--- START ---

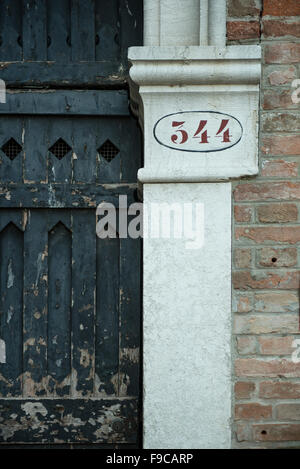 Porte d'entrée typique à Venise Banque D'Images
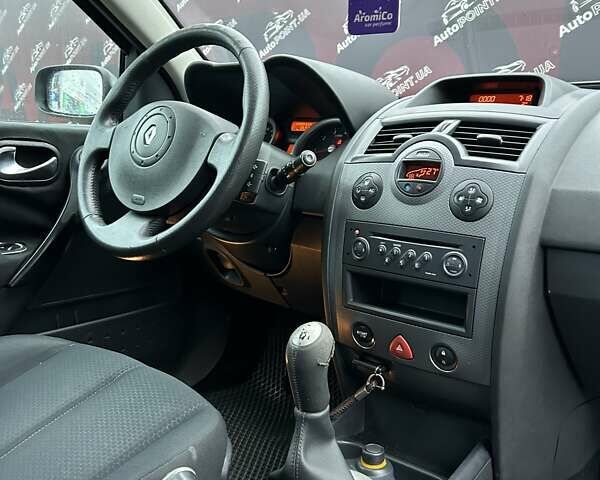 Черный Рено Меган, объемом двигателя 1.6 л и пробегом 275 тыс. км за 4700 $, фото 25 на Automoto.ua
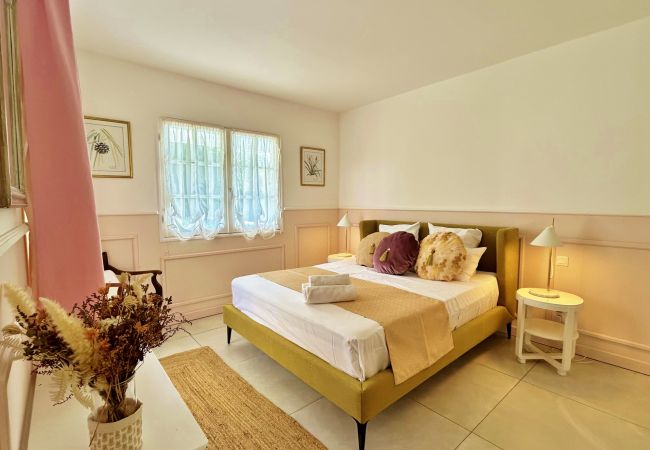 Villa in Saline les Bains - *VILLA FLEUR DE LUNE* - heated pool and lagoon Villa in Saline les Bains - *VILLA FLEUR DE LUNE* - heated pool and lagoon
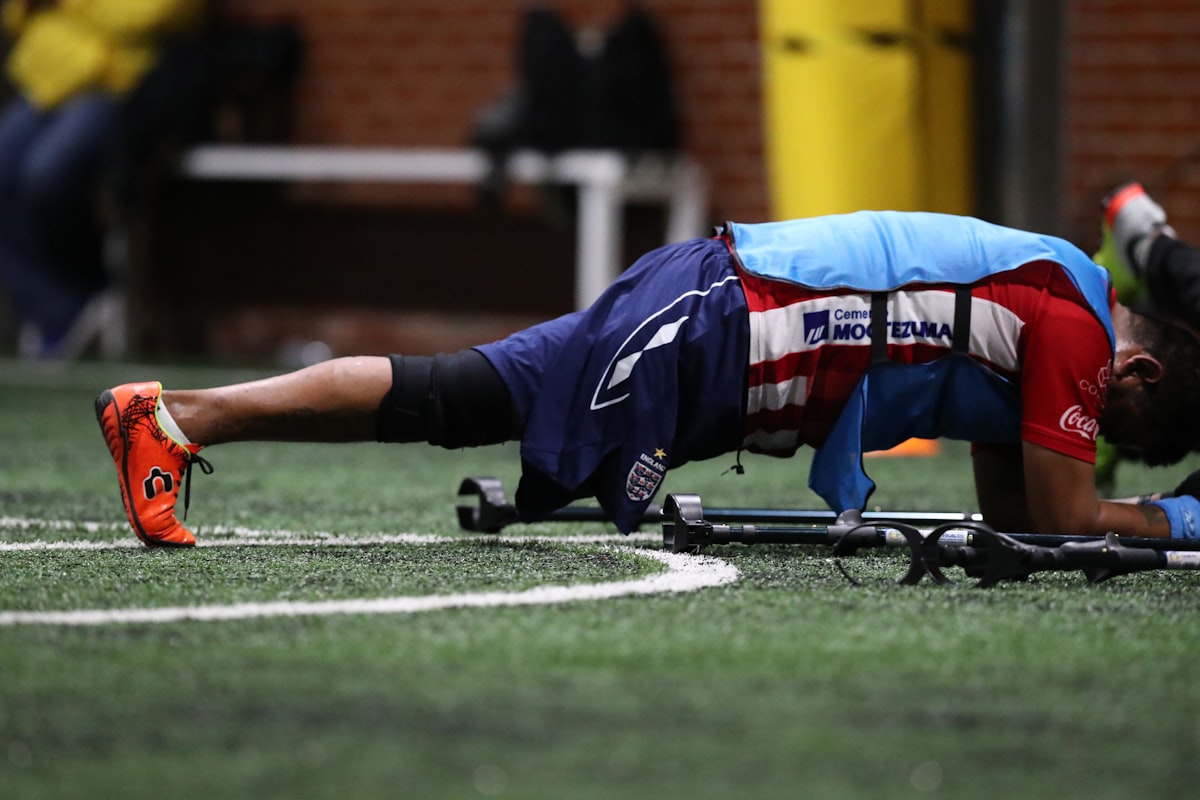 Deportista enfriando músculos con estiramientos suaves tras el entrenamiento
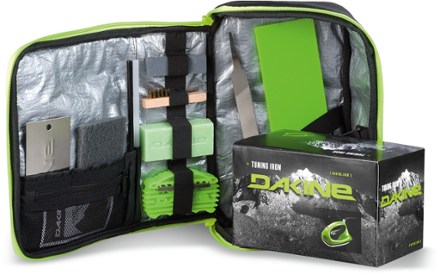 Deluxe Tune KIT ha tutto per mantenere i tuoi sci o snowboard nelle  migliori condizioni di riding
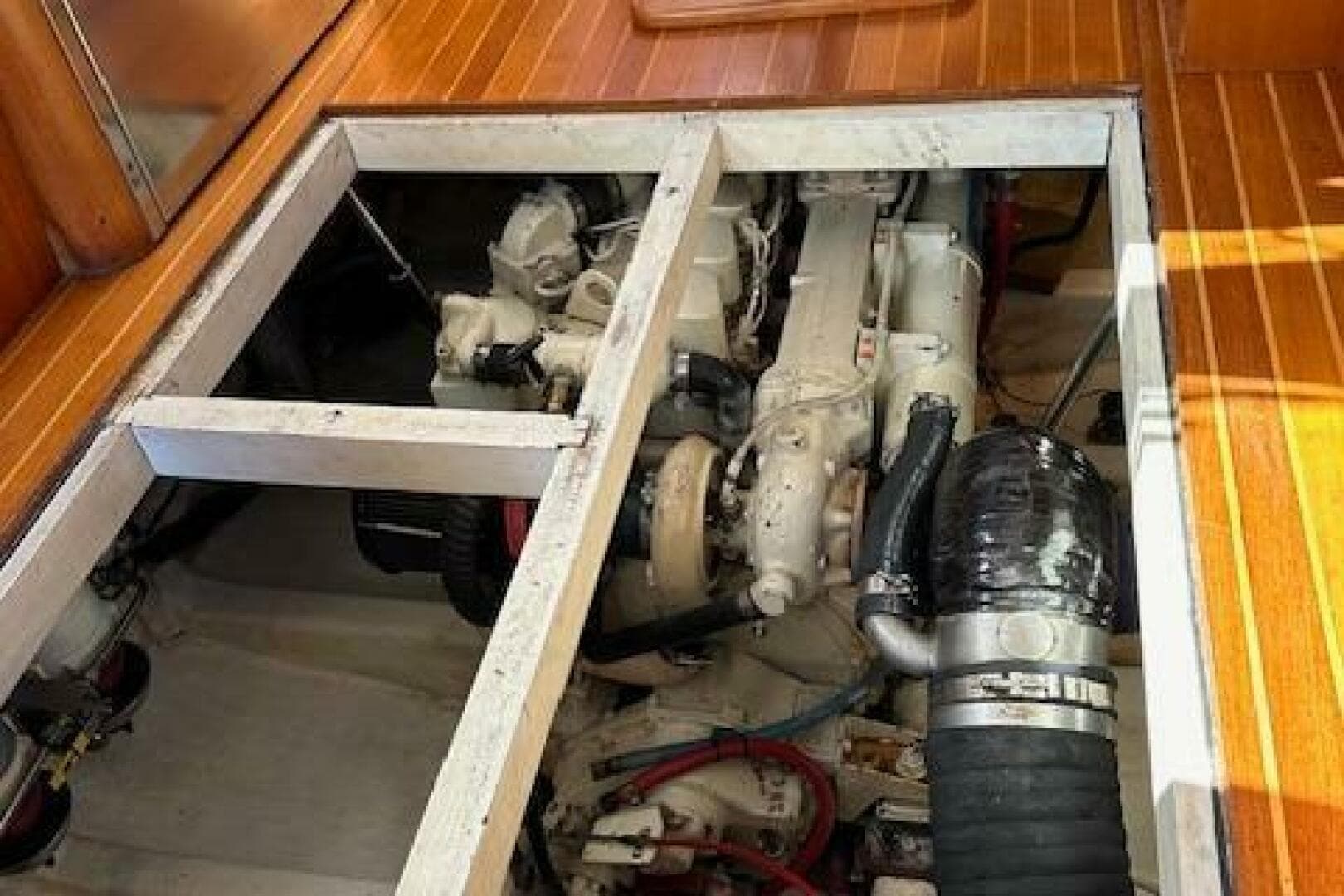 2001 Island Gypsy Euro Sedan Trawler — photo 10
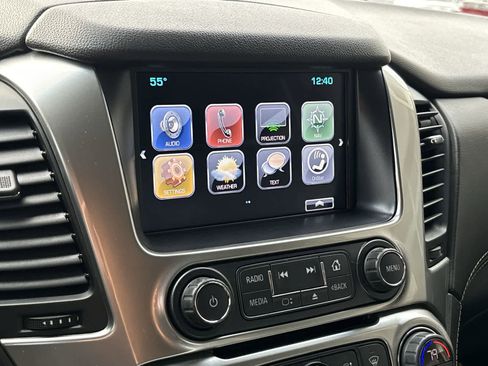 Used 2019 Chevrolet Suburban LT image 15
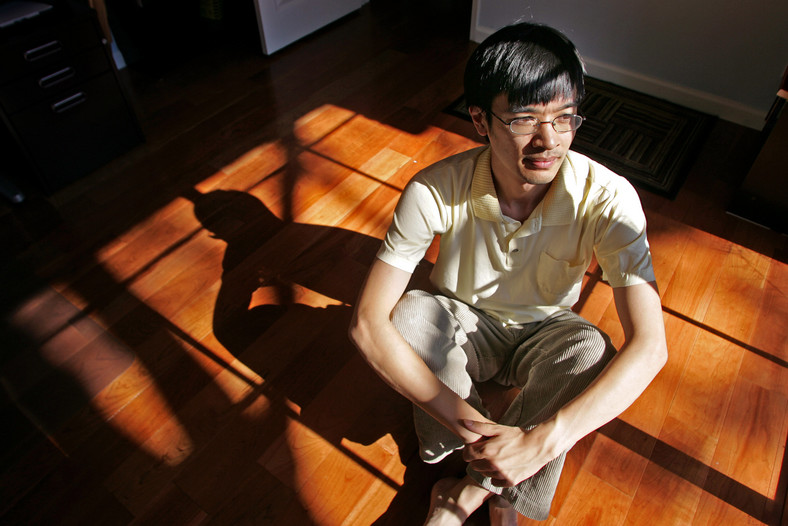 Terence Tao w swoim domu w Los Angeles 18 września 2006 r. niedługo po tym, jak otrzymał Medal Fieldsa.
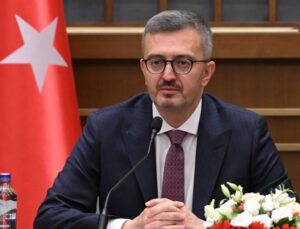 Burhanettin Duran: Türkiye bölgesel istikrar için kararlılıkla adım atmayı sürdürüyor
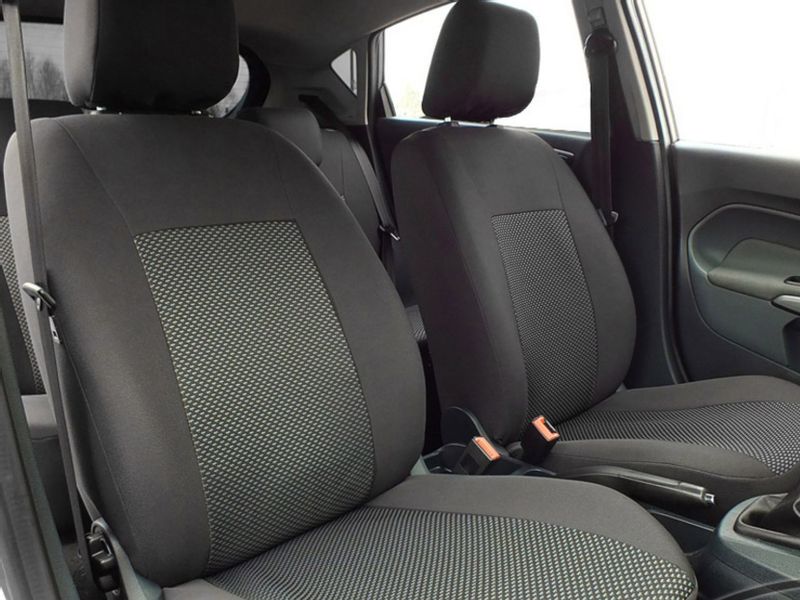 DACIA DUSTER LOGAN SANDERO DOKKER POKROWCE PRZODY zdjęcie 4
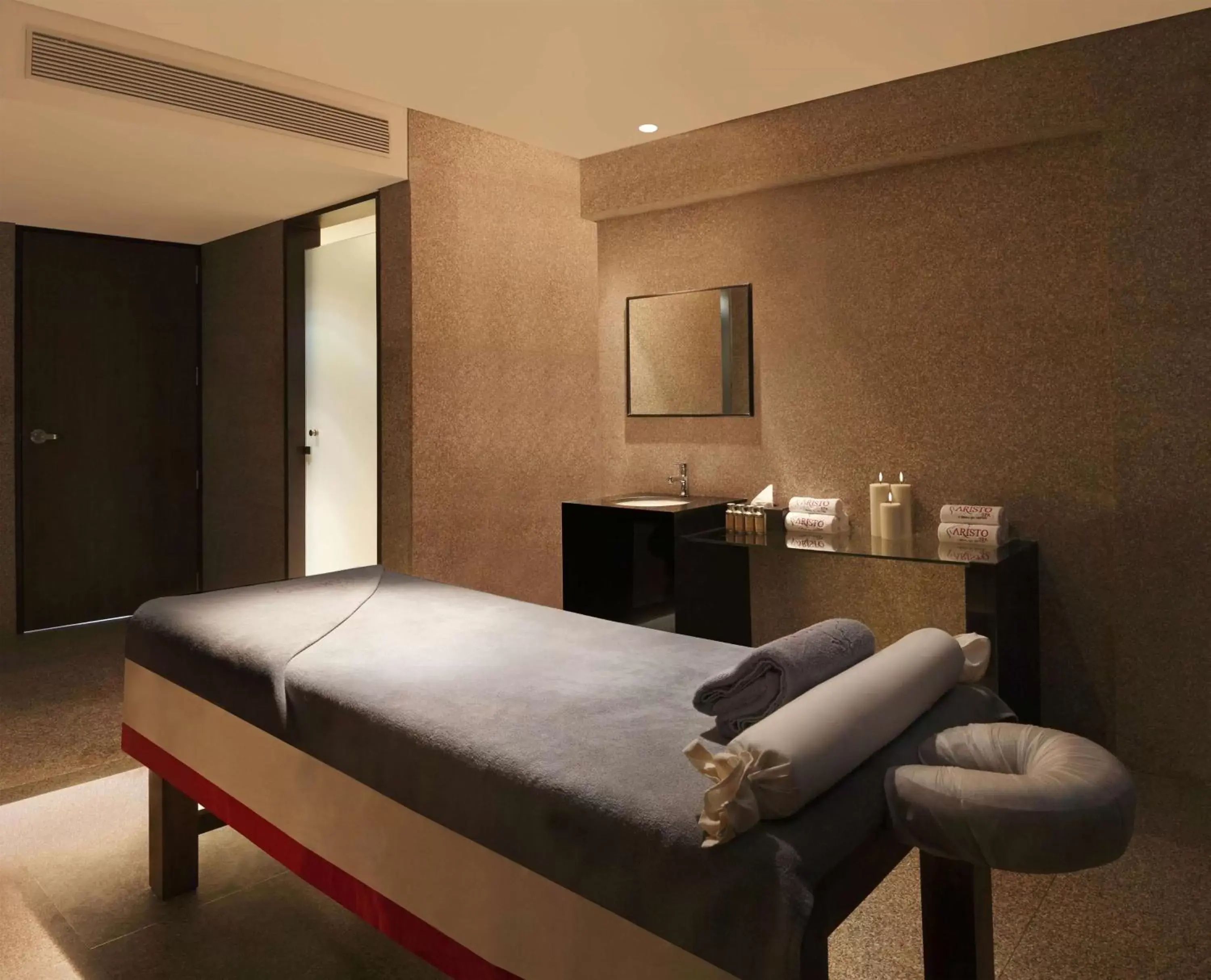 Spa and wellness centre/facilities, Bed in DoubleTree By Hilton-Pune Chinchwad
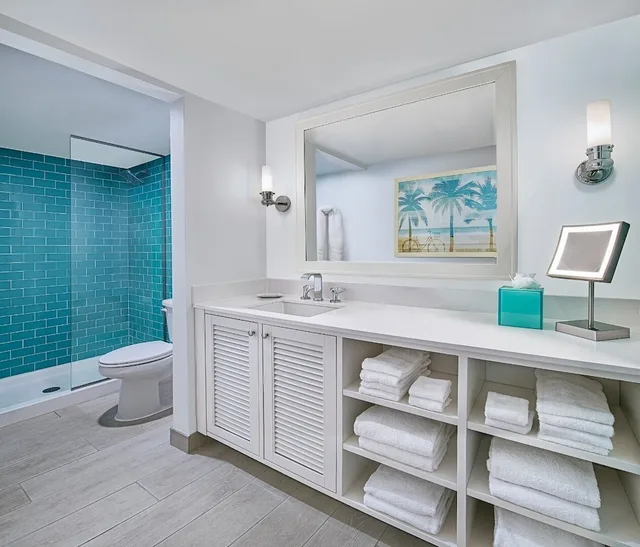 Sky, Premium, King Bed, Partial Ocean View, High Floor، Margaritaville Beach Resort - South Padre Island 4/4
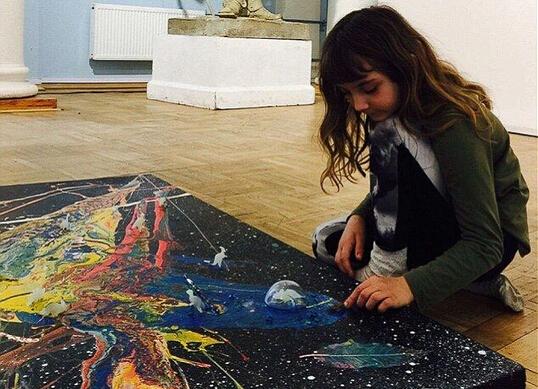 澳洲9岁天才小画家俄罗斯办个展,作品广受赞誉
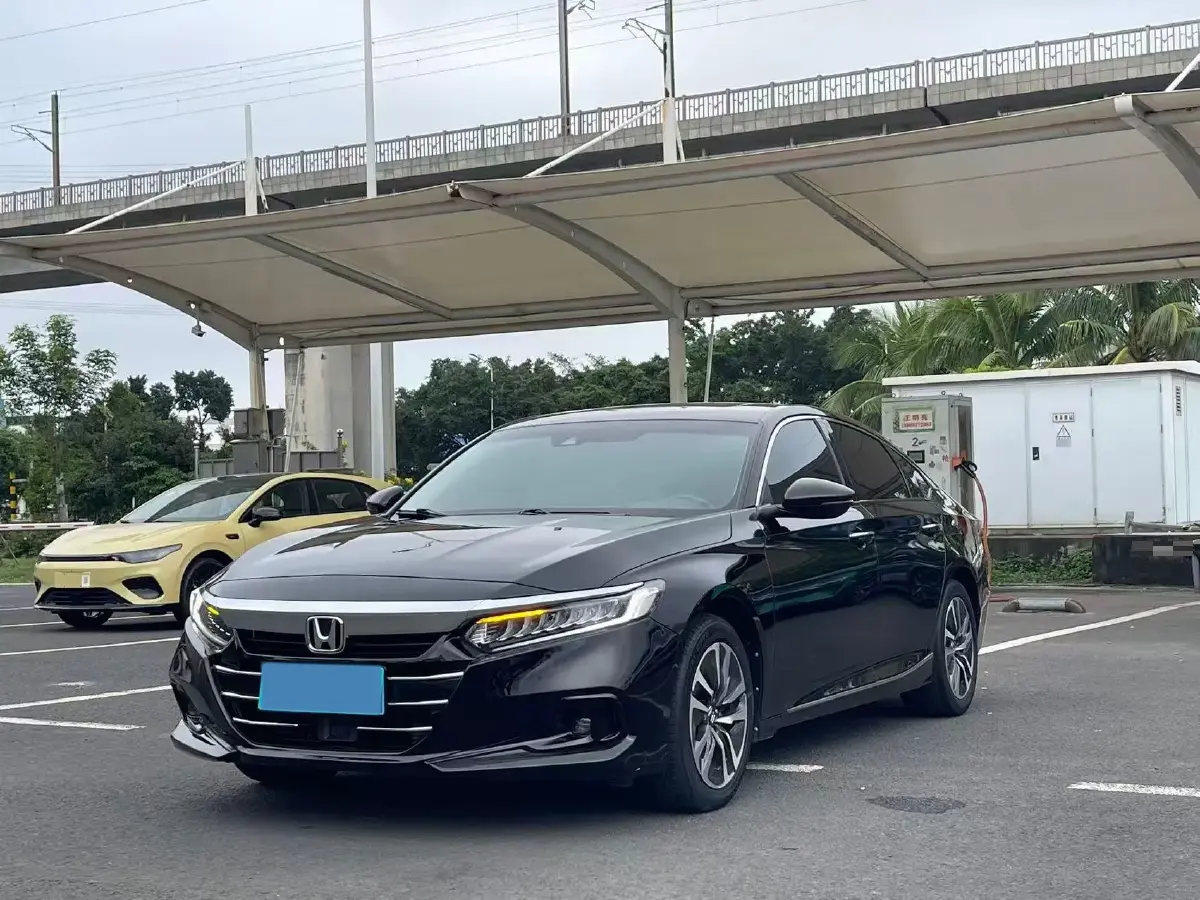 2022 Honda Accord 2.0L 146HP L4 E-CVT Hybrid
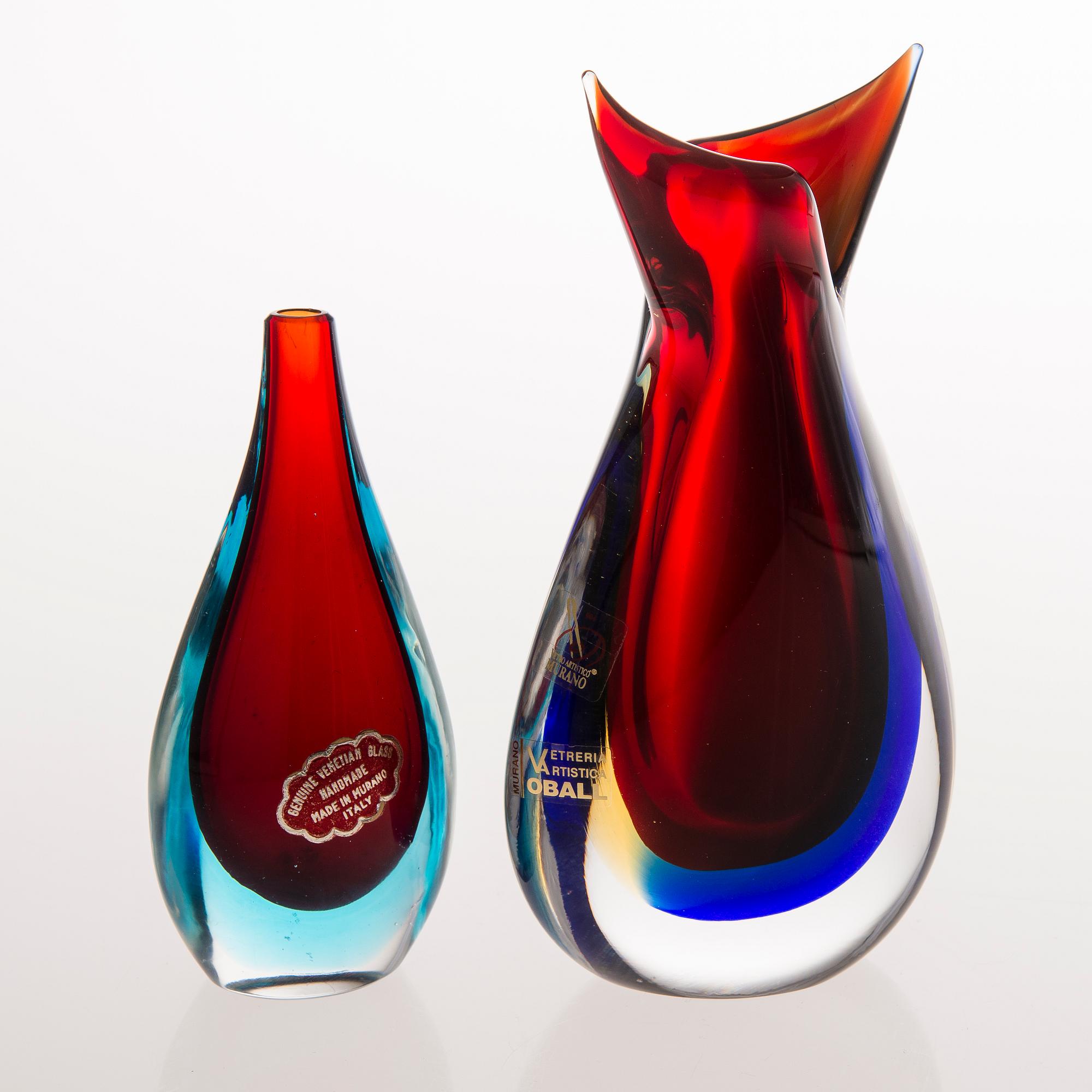 KONSTGLAS, 2 st, Murano, ena signerad Luigi Onesto, etikettmärkt Vetreria Artistica Oball. 1900-talets senare hälft.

--- END ---

Exercise = Copy exactly the lines from the line holding "澳洲9岁天才小画家俄罗斯办个展,作品广受赞誉" to the final line of the listing, and leave the pictures out.

Answer to this problem =
 澳洲9岁天才小画家俄罗斯办个展,作品广受赞誉
 2022 Honda Accord 2.0L 146HP L4 E-CVT Hybrid
 KONSTGLAS, 2 st, Murano, ena signerad Luigi Onesto, etikettmärkt Vetreria Artistica Oball. 1900-talets senare hälft.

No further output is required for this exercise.